We all have our inspirations in life and Kenton certainly wasn’t the only influence on Barry. In fact, it all inadvertently started with his father and those theater chains. As a teen Barry operated the projectors in some of those movie houses and fell in love with cinema and especially its music. He references composers like Bernard Herrmann, Erich Korngold and Max Steiner as some of those who worked their influential magic on him.
By the time 1963 came along Barry was off and running in cinema. In addition to the projects already mentioned here he would eventually go on to score potent and very memorable works for films like Zulu, Midnight Cowboy; The Last Valley; Walkabout; Mary, Queen of Scots; Robin and Marian; King Kong (1976); The Deep; Hanover Street; The Black Hole; Raise the Titanic; Francis; Body Heat; High Road to China; Francis Ford Coppola’s The Cotton Club (which won a Grammy for Best Jazz Instrumental); Oscar nominated Chaplin, and the list goes on and on.
However, Barry was not always the right choice for a film project and when he didn’t fit it really showed.
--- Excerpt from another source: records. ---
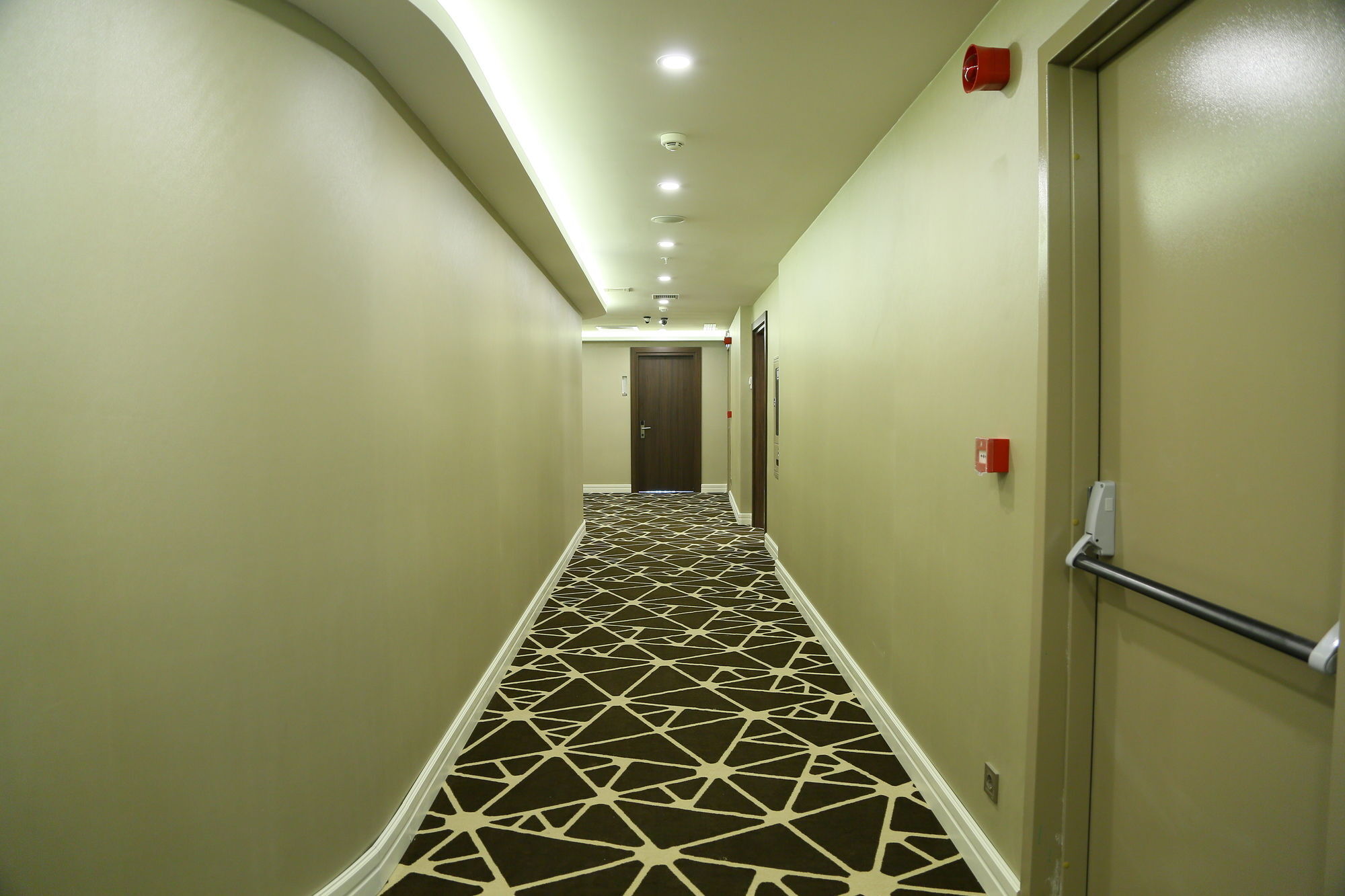 The Grand Mira Business Hotel 4*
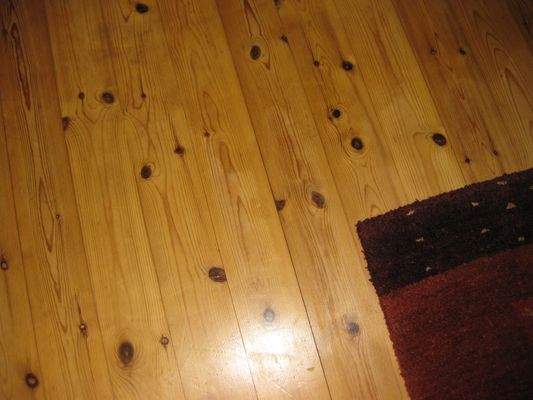 Holzdielen aufgearbeitet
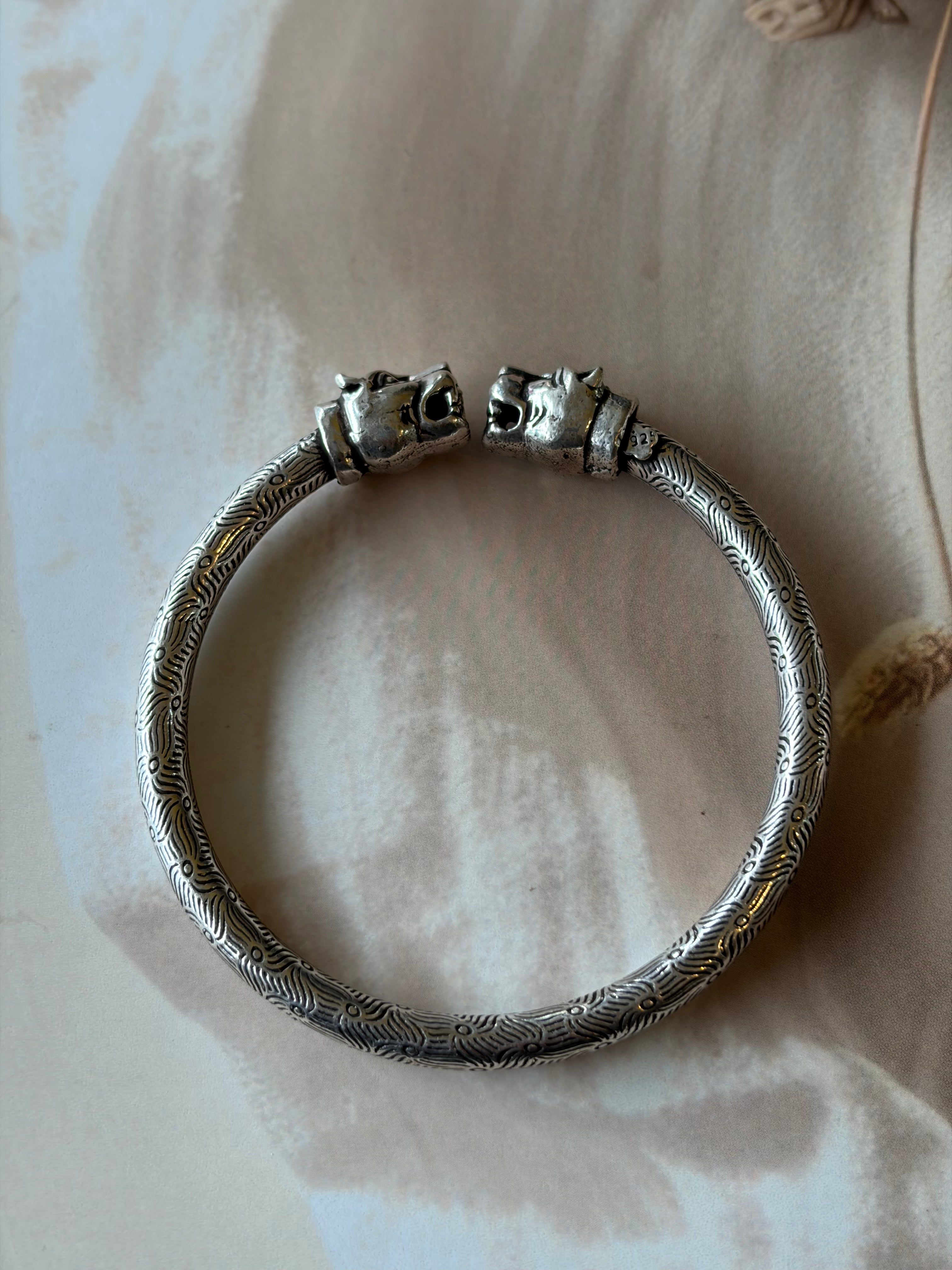 Kesari 925 Silver Oxidised Tiger Kada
Take for instance George Lucas’ Howard the Duck. His slower, intensive, moody and rhythmic style was not at all well suited for a flat-footed lethargic, over-stuffed film that needed all the help it could get with pacing and on just about every other level. The film was a miserable flop and Barry could do nothing to help it with his personal style. Indeed, it became a hindrance in its own right.
His work for a modestly budgeted fantasy film in 1980 called Somewhere in Time, though, helped place that film in cult classic status. Starring Christopher Reeve and Jane Seymour, it didn’t garner much attention from audiences or critics upon its initial release, but its video release and airing on television gave it new life, with many thanks due to the beautiful melodies Barry wrote for it. It is perhaps one of his most beloved works. This is the type of almost spiritual elevation he could bring to a motion picture.
Of his own beliefs concerning the approach to film music he has said, “As a composer, you’ve got to see a scene and fall in love with it, laugh when you should do, cry when you should do. The music is what you use, but the main thing is to have the ear and the eye to map it out dramatically. And that comes a lot from being sat in my father’s theatre and watching movies when I didn’t even know what I was watching for.”
Director Sydney Pollack once said, “You can’t listen to his music without seeing movies in your head.” It is hard to imagine a better compliment, or epitaph, than that for a film composer.
Awards for John Barry’s work
- BMI: Film Music Award for The Specialist (1994)
- BMI: Film Music Award for Indecent Proposal (1993)
- Oscar: Best Music for Chaplin (1992)
- Oscar: Best Music for Dances with Wolves (1990)
- Grammy: Best Instrumental Composition for A Motion Picture for Dances with Wolves (1990)
- BMI: Film Music Award for Dances with Wolves (1990)
- BMI: Film Music Award for The Living Daylights (1987)
- Oscar: Best Music for Out of Africa (1985)
- Golden Globe: Best Original Score for Out of Africa (1985)
- BMI: Film Music Award for Out of Africa (1985)
- London Critics: Special Achievement Award for Out of Africa (1985)
- Saturn Award: Best Music for Somewhere In Time (1980)
- Oscar: Best Music for The Lion in Winter (1968)
- BAFTA: Anthony Asquith Award for Film Music for The Lion In Winter (1968)
- Oscar: Best Music for Born Free (1966)
- Oscar Best Original Song for Born Free (1966) with Don Black
A commemorative biography titled John Barry—The Man with the Midas Touch, celebrating the man and his work, was published in 2008.